Author Lydia Otero takes a special interest in the effect that urban environments have on the people who inhabit them...[L.A. Interchanges] tells a coming-of-age story amid the electrical guts of various Los Angeles building projects and the lesbian activist scene of the early 1980s, written not just from Otero's memories but also from their personal archive. "During my time in Los Angeles," they write, "I squirreled away documents, as well as photographs of the Brown queer activists I worked alongside."

-Los Angeles Review of Books


Lydia Otero's riveting memoir is grounded in personal and collective history that has been erased from works on Los Angeles. Otero reveals the struggles of queer folks of color and the spaces that they created in the 1980s. L.A. Interchanges is essential reading for those wanting a more complete and nuanced understanding of the multilayered history of Los Angeles.
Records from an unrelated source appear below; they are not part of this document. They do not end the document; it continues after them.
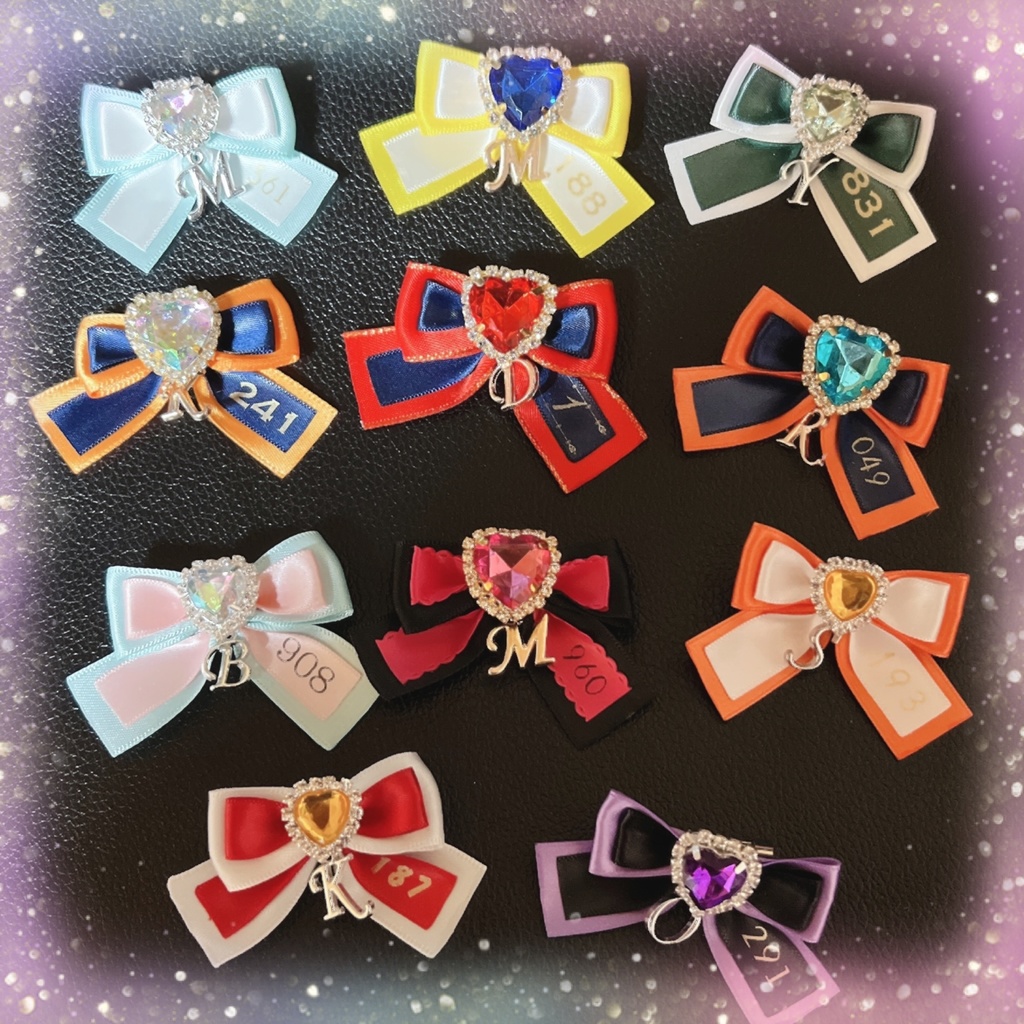 剣盾トレーナーリボン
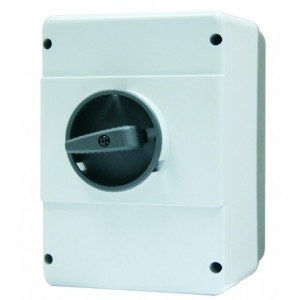 Mpcb Enclosure For TCMS-32H Only IP65
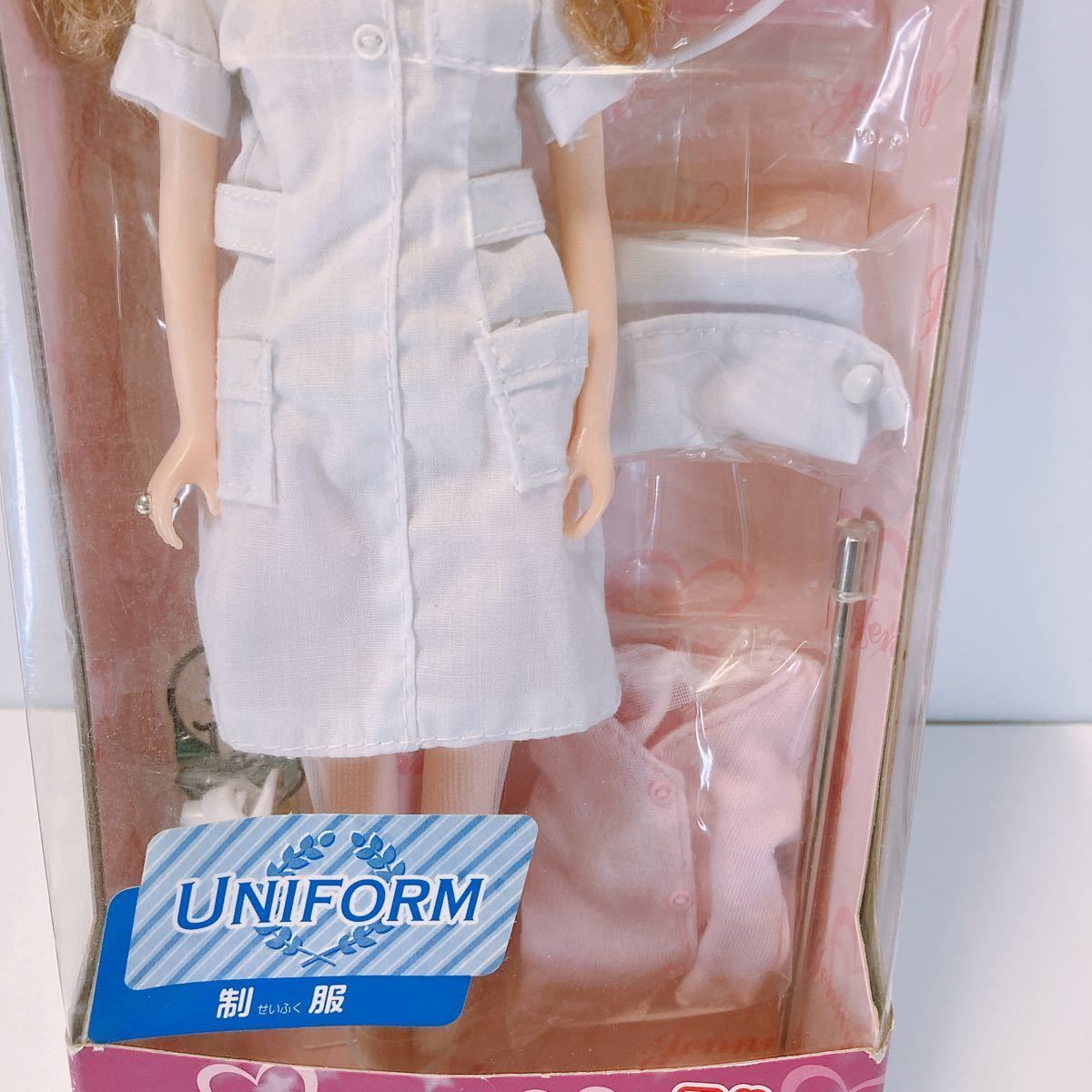 新品未使用】タカラ ジェニー ファッションコレクション 新品未使用】タカラ ジェニー ファッションコレクション
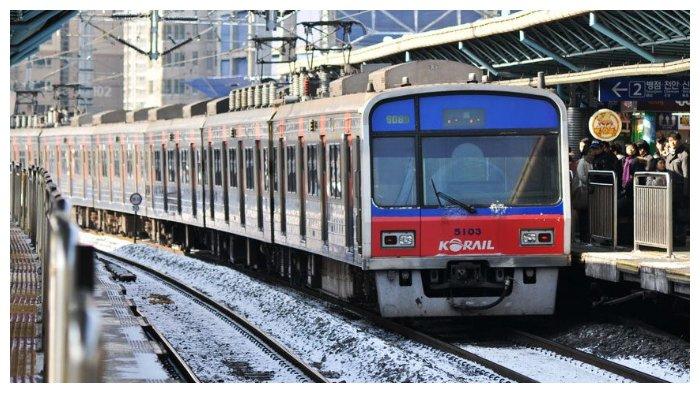 Sistem transportasi umum di Seoul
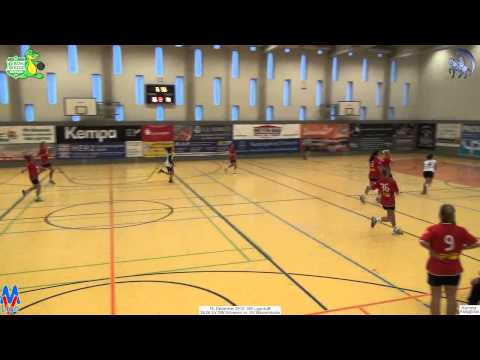 26:26 (12:13) SV GW Schwerin vs. SV Warnemünde - 15.12.2013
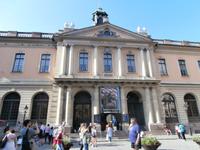 Friedensnobel Haus am Stortorget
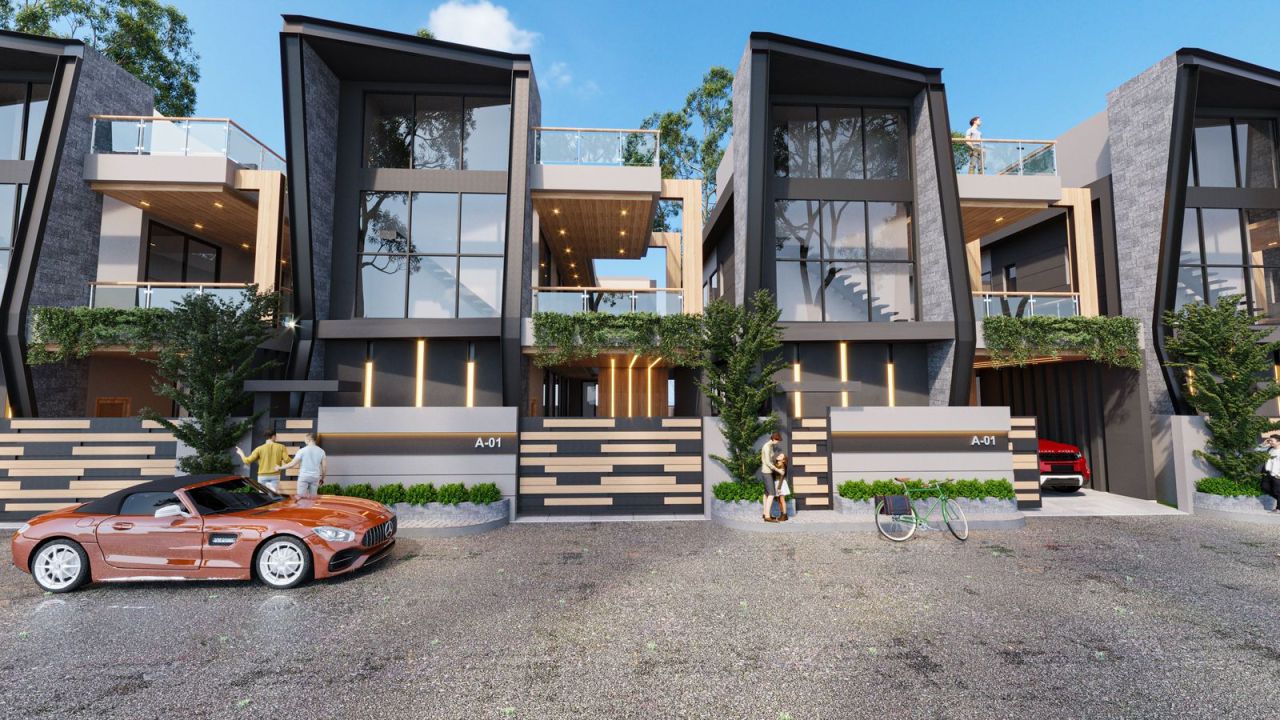 Villa à Rawai, Thaïlande, 382 m² - image 1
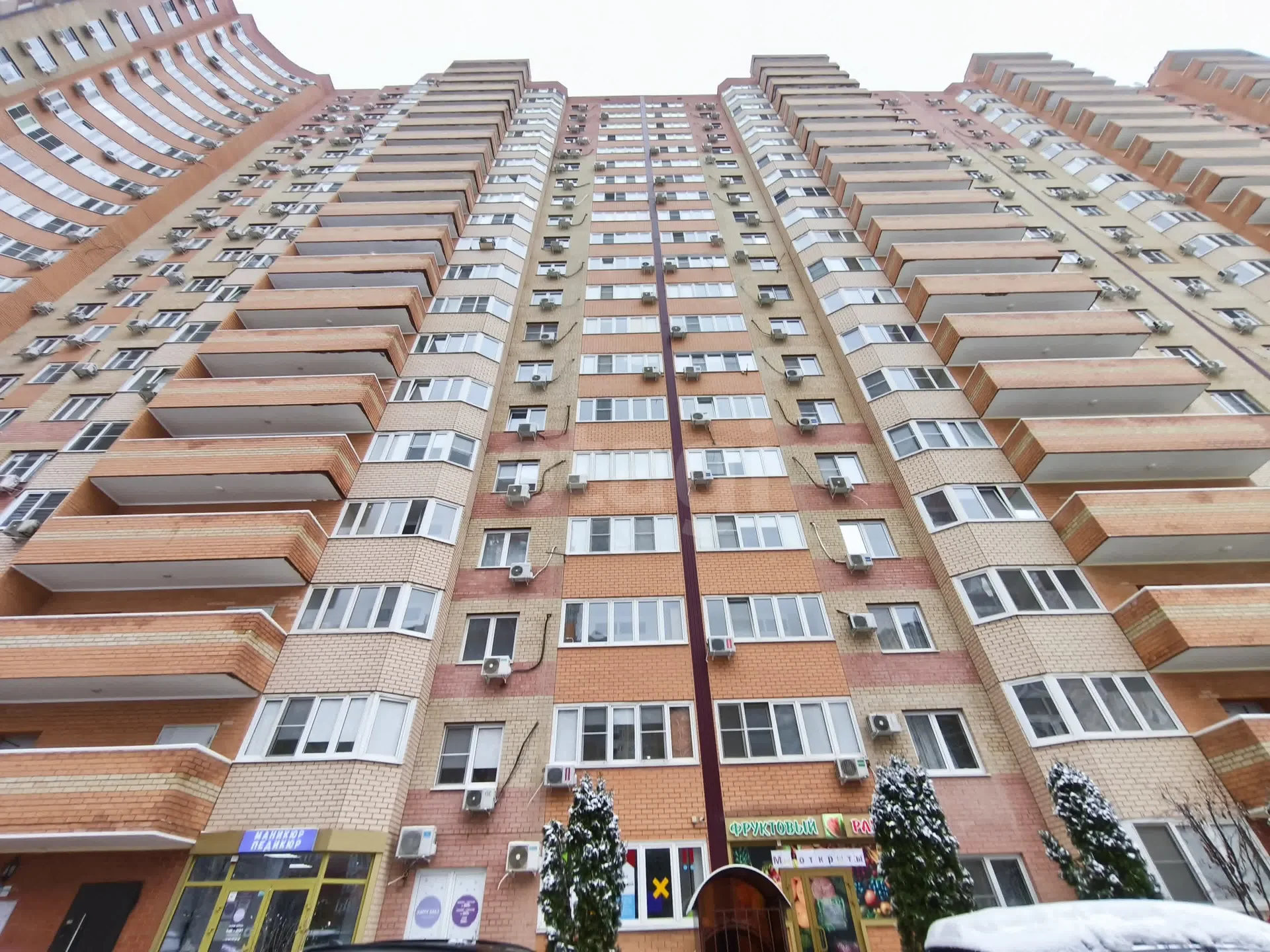 2-к квартира, 60.1м² (улица им. Героя Яцкова И.В., 9к3) - миниатюра 35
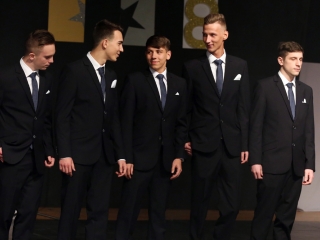 Dunaferr iskola szalagavató (2018) - fotó: Sándor Judit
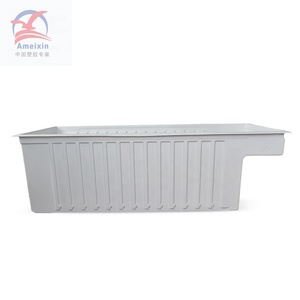 Tủ đông khay với chân không hình thành chế biến cho máy sử dụng làm bằng ABS HDPE PP nhựa - Product Image 2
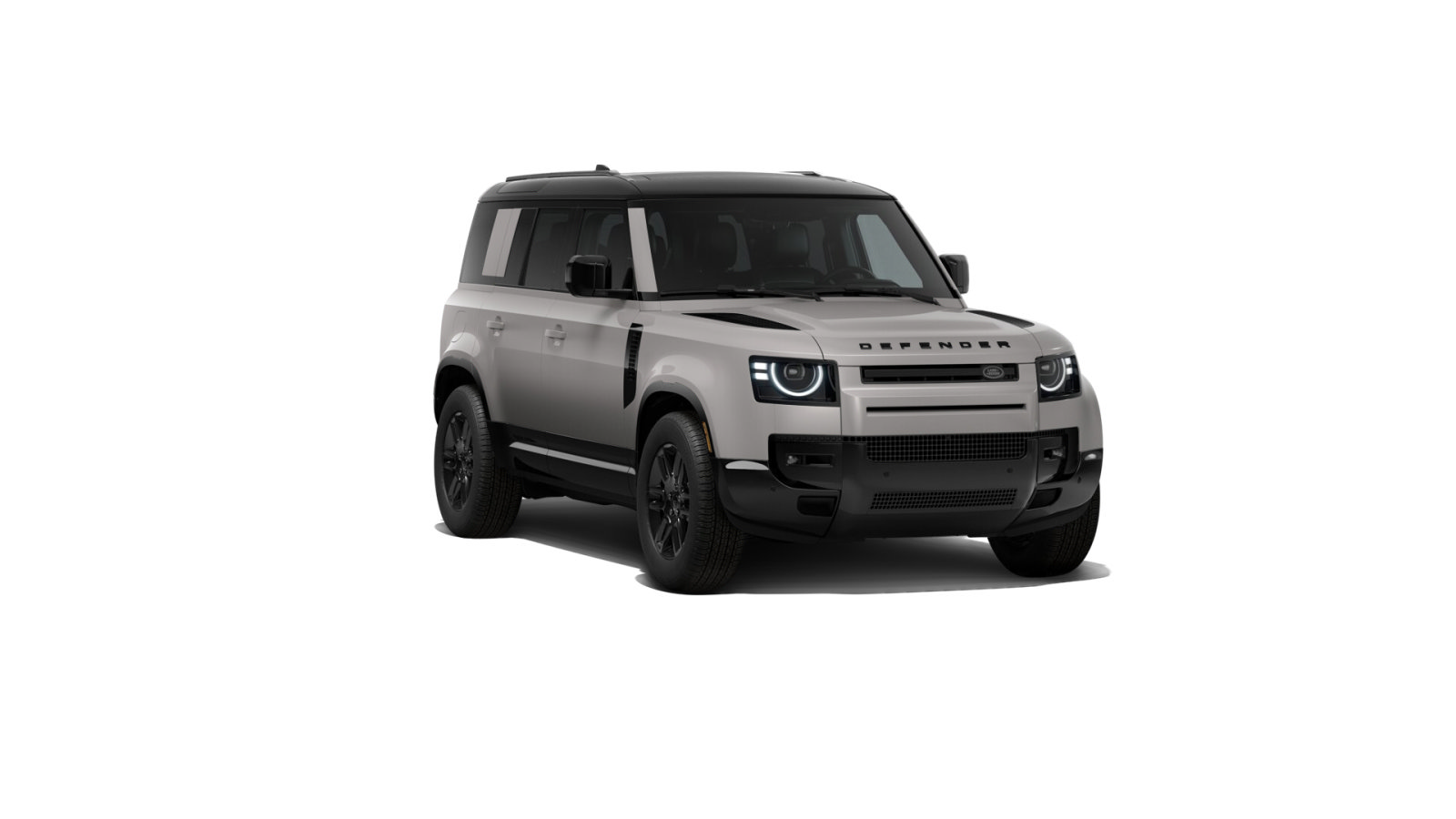 New 2027 Land Rover Defender 110 X-Dynamic SE AWD/4WD image 1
-Enrique C. Ochoa, California State University, Los Angeles


Lydia Otero's L.A. Interchanges is a remarkable memoir featuring a journey through a disappeared Los Angeles. Many of the places and people Otero mentions in this retelling of their young, vibrant life are gone and lost. It takes a memoirist of their caliber to successfully weave their personal story while simultaneously featuring some of the enormous changes in the cityscape over the last few decades. The worlds Otero straddles as a young Tucsonan transplant, a unionized electrician, a Latinx LGBTQ activist, and an academic offer a view of a life that rarely gets featured in literary storytelling. Otero's voice allows us to be there with them on 70s dancefloors, at lesbian activist gatherings, inside hospital AIDS wards, and inside massive L.A. infrastructure projects, not to mention a couple of unique celebrity encounters. L.A. Interchanges is a great and important read.

- Richard Villegas Jr., author of I Heart Babylon, La Música Romántica, and the substack "The Alphabet People: The LGBTQs of Teaching Kindergarten"


Readers of L.A. Interchanges are given a roadmap of how one can live a life that makes a difference. This is a memoir that epitomizes "the personal is political," and its pages are filled with documents and details on an important history.